In case you're polite enough to wonder what it is about, it's about cooking and the healing power of a good meal, pretty much. I've shamelessly mined my own past for incidents, characters, locations and ideas and then added a lot of fictional events. I have to add that bit, as my main character finds herself guilty of 'murder by omelette' and, to the best of my knowledge, I've never killed anyone with my cooking, although my family still refer to the awful day when I served 'Avocado and Chocolate Mousse' as a nadir in my culinary adventures. It was completely inedible and I will never make it again. Nobody died though, despite the children's dramatic objections.
 
Good gracious, it was vile!
The novel begins with a description of a grandmother's kitchen, which, coincidentally, sounds very much like my own grandmother's kitchen. 'Granma,' as she was known (she almost always missed out the 'd') was a keen cook. Aged 14, she'd gone into service and, according to her, generally ruined various dishes in the kitchen of the big house where she worked. Somebody, presumably the cook, taught Granma (Phyllis, as she was then) how to cook and she gradually became a lot better at it. I'm not sure of she ever graduated from 'Daisy' to 'Mrs Patmore,' as she got married before she would have had much chance of promotion but she did later get a job as a school cook and some of my strongest memories of her are linked to the dishes she made and the way she made them. Some of my own early cookery lessons came from her, although I don't generally cook on quite the grand scale she did. I don't know whether it was as a result of a simple country childhood, livig through the War and rationing or just a general love of abundance, but Granma never cooked by halves. An ordinary Sunday tea would invole a table bursting with good things to eat and Granma's admonishments of , 'Have another - go on. Ooh, Jacqui Spratty, you don't eat enough to keep a flea alive!' It was like dining with the Berkshire equivalent of Mrs Doyle.
Not my Grandmother.
 
Christmas was when Granma really exercised her love of abundance, though. For reasons that still aren't clear to me, she always insisted we had turkey and pork or, with her talent for spoonerisms, 'Perky and tork,' often corrected to, 'Oh - Perk and torkey!'. My aunts - one of them Granma's daughter and the other married to one of Granma's sons, would join in, each vying to bring the most avant-garde stuffing, the tastiest Christmas cake or biggest gateau. We had the largest living room, so would often host dinner for the masses, which meant living off leftovers for quite some time afterwards - there was always far too much to eat in one day, or even in one week.  The highlight of the Christmas dinner, however, was Granma's Christmas pudding. Huge, with several smaller versions given and stowed away - I'm fairly certain one year we had puddings from the same batch, two years running - it would be pretty much drowned in brandy and carried in like an Olympic torch much to the loud potestations of her firefighter son-in-law. I sure they'd deny it, but I'm fairly certain that's why my dad and uncles tried to recreate the most memorable scene from 'Towering Inferno' every year. Every family has their peculiar traditions: the annual torching of the Christmas puddng was one of ours.
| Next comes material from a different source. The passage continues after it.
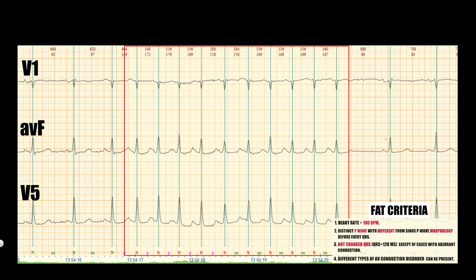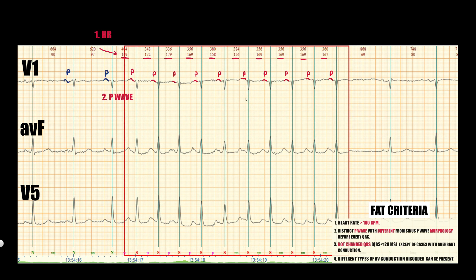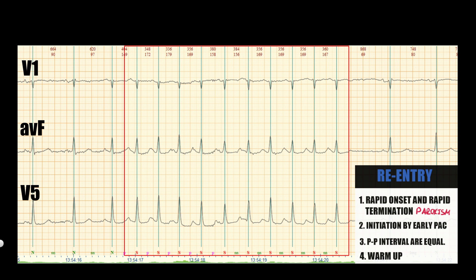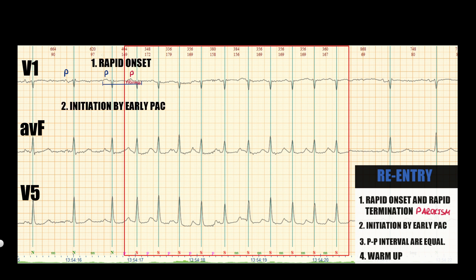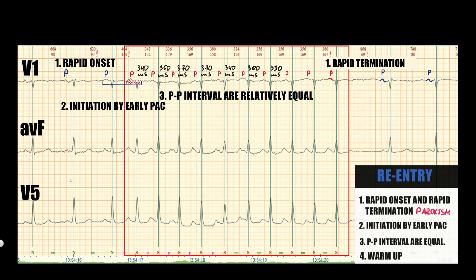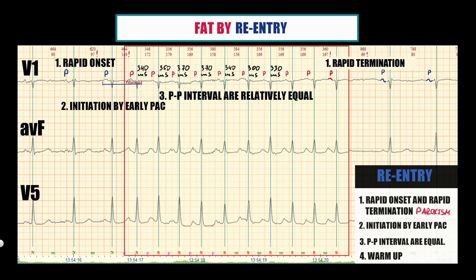In another example, heart rate is greater than 100 bpm, indicating tachycardia. P-wave in V1 has different morphology than the sinus P-wave. Note that P-waves are merged with the previous T-wave in AVF and V5. The QRS complex has the same morphology as the sinus one — focal atrial tachycardia is confirmed. The tachycardia is initiated much earlier than in the previous ECG example, indicating rapid onset. Termination is also rapid without a cool-down period. The pause after tachycardia is caused by overdrive suppression, and RR intervals are relatively equal. All of the above suggest a re-entry mechanism.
It wasn't just the serving of the pudding that was steeped in tradition and alcohol, however. Making it was just as much a ritual. If you were at Granma’s house when the pudding was being made, you got to have a ceremonial stir and make a wish. The thing is, you weren’t allowed to wish for any old thing. Oh no! There was one particular thing you had to wish for. When one of my uncles (one of the filial pyromaniacs) was small, he had a kitten whom he adored. I remember that cat; he was a beautiful long-haired grey cat called Smoky, who either consented to be petted or totally ignored you, as he saw fit. In  between times he pretty much ruined the legs of the kitchen hutch cupboard, by using them as a scratching post. When Smoky was still a kitten and my uncle still a little boy, he was asked to stir the pudding and urged to, ‘Make a wish, Neville!’ Closing his eyes tight and stirring with all his might, Neville uttered the words, ‘I wish my cat grows nice and big!’ In one of those strange quirks of family history, the wish itself became a tradition and Uncle Neville has never been allowed to forget it. For as long as I can remember, I have stirred puddings, cut cakes and blown out candles, all to the words, ‘I wish my cat grows nice and big!’ On my wedding day, I went to cut the cake, turned to face my uncle, opened my mouth to speak and all that side of the family roared with laughter, as Uncle Neville good-naturedly said, ‘Oh, shut up!’ My own children know they’d better wish for the same thing too.  



How I propose to add the finishing touches.
Regarding the alcohol, Granma once conspiratorially informed me, ‘I always make it with Guinness, Jack Spratt.’ A lesson I dutifully committed to memory. Despite that, I’ve never actually made a Christmas pudding. There was never really any need to when Granma was around, and then my dad took over the tradition, although he did scale back the quantities somewhat. This year, my lovely neighbour, the Pink Engineer, kindly offered to make our Christmas cake, so I thought I’d give the pudding a go. I’ve borrowed Dad’s copy of his mum’s recipe book, so I can make the real thing. Good sense tells me I ought to scale back the quantities too, but a desire to make a true tribute pudding and curiosity as to just how many puddings it makes, has led me to try and attempt the full eight egg, pound of this, pound of that version. Granma made hers in an old china washstand bowl, which now resides at Uncle Neville’s (only fair, given his wish contribution) and I don’t have anything big enough to mix the pudding in. A lament of this nature, posted on Facebook brought in the loan of a brand new washing up bowl from friend and former work colleague, Thermal Girl (I hope she doesn’t mind being called that, but she’ll know why!). We agreed ‘a pudding’ as suitable payment. Pink Engineer has been offered a pud as payment for the cake, although she’s not really getting a good deal there as I’m making her supply her own pudding basin. A further pudding has been offered to my dad. Let’s hope it works!
 
 

I’ll let you know how it goes, although I’ll be relying on the comments of others since it will be full of ingredients I can’t eat. I’ve decided not to try and make it free-from this year: for my first attempt, I’m going to try and faithfully follow Granma’s recipe. If it works and I’m feeling cocky next year, well watch this space…
 
 

Tuesday 11 September 2012

Little House Cookbook

Amazon, in one of their slightly unsettling moments of knowing more about me than I'd like them to, has correctly deduced that two of my favourite activities are reading Little House books and cooking. In what must be something of a triumph for them, they have come up with the ultimate book for me and emailed me forthwith, with the happy news that I can now purchase, 'Little House Cookbook: Frontier Foods from Laura Ingalls Wilder's Classic Stories'.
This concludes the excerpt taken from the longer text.